The Verification of a Distributed System
Today’s talk is from one of my favorite speakers on distributed systems, Caitie McCaffrey. During the talk, Caitie delivers a great overview of the various methods for testing and verifying distributed systems.
If one computer goes down and breaks your system — we have a really big problem.
The conference: GOTO Chicago 2016
The speaker: Caitie McCaffrey is a distributed systems engineer and conference speaker with deep experience as a practitioner building large scale systems.
We are all building distributed systems
Whether we know it or not, we’re all building distributed systems. When most people think distributed systems today, they think about large scale systems like Netflix — with 500 or more microservices. Caitie reminds us that we’re all building distributed systems. Even a monolithic application can scale horizontally — with each instance connected to a database — which could also be spread out across multiple nodes.
Whether or not your distributed system is small-scale or large-scale, the same useful methods for testing and verification are equally beneficial.

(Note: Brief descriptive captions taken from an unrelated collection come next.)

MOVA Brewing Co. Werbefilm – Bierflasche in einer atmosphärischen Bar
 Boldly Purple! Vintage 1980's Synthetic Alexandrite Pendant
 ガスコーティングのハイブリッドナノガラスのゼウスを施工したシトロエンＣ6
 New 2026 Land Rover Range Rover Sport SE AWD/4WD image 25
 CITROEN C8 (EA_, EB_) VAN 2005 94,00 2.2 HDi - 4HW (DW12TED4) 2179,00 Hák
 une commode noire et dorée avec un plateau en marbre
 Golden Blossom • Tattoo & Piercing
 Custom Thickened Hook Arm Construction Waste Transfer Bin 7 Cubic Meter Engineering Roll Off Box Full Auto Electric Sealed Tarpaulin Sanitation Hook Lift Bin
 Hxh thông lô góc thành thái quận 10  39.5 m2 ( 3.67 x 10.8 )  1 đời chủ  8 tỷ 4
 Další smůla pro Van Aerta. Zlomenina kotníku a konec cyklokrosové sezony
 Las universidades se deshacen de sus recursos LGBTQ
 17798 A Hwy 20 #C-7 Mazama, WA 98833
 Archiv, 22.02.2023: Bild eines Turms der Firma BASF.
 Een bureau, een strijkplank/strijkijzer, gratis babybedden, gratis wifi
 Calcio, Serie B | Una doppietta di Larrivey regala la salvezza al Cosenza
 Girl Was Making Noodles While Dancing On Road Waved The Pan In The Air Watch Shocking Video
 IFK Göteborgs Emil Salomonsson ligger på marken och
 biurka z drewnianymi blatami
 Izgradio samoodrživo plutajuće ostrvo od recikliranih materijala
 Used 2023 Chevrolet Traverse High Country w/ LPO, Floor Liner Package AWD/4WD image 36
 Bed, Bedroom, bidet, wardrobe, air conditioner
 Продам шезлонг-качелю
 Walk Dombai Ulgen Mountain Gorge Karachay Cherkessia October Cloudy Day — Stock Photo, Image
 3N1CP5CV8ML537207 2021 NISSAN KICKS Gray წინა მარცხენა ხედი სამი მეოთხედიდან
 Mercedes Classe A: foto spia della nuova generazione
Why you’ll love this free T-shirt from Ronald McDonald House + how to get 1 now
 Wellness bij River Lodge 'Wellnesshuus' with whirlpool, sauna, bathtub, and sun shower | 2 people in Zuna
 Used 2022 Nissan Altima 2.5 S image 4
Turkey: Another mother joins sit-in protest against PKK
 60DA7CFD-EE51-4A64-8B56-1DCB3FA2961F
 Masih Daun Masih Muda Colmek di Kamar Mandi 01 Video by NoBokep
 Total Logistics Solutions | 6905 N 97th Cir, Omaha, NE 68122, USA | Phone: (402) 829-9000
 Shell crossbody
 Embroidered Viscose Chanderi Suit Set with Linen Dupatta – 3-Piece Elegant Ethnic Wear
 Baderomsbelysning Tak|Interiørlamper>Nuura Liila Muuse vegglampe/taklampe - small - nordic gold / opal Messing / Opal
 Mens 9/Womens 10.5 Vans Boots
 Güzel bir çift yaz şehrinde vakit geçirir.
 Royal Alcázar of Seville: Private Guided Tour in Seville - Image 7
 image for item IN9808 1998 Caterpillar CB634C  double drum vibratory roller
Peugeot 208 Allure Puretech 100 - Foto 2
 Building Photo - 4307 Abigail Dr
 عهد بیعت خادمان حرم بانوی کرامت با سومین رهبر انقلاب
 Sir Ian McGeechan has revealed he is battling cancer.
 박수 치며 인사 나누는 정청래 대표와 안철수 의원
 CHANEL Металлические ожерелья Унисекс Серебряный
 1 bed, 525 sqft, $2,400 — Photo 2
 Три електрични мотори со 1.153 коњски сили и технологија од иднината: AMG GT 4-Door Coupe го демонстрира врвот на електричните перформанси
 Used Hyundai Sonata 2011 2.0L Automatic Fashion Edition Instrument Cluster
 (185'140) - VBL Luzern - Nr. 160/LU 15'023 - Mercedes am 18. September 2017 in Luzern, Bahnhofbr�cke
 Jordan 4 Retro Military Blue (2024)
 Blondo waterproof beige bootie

How do we increase our confidence that our system is doing the right thing?
Safety and liveness
When testing distributed systems, you’re typically checking the validity of certain properties of a system. All such properties can be expressed as the intersection between safety and liveness.
Safety properties assert that something bad will never happen. These statements are expressed as a promise or guarantee by a system — for example, what a database system will not do under a certain condition.
Null values — a database system will never return fields with null values.
Liveness properties assert that something will eventually happen but the system can still make progress. Eventual consistency is an example of a liveness property.
Eventual consistency — if no new updates are made to a given data item, eventually all accesses to that item will return the last updated value.
There are multiple forms of testing that can help to build confidence that a system will behave as expected under failure modes. Formal verification speaks to forms of testing that proves that a system is correct. Caitie stresses that this kind of verification is the gold standard, since it tests systems for provable correctness.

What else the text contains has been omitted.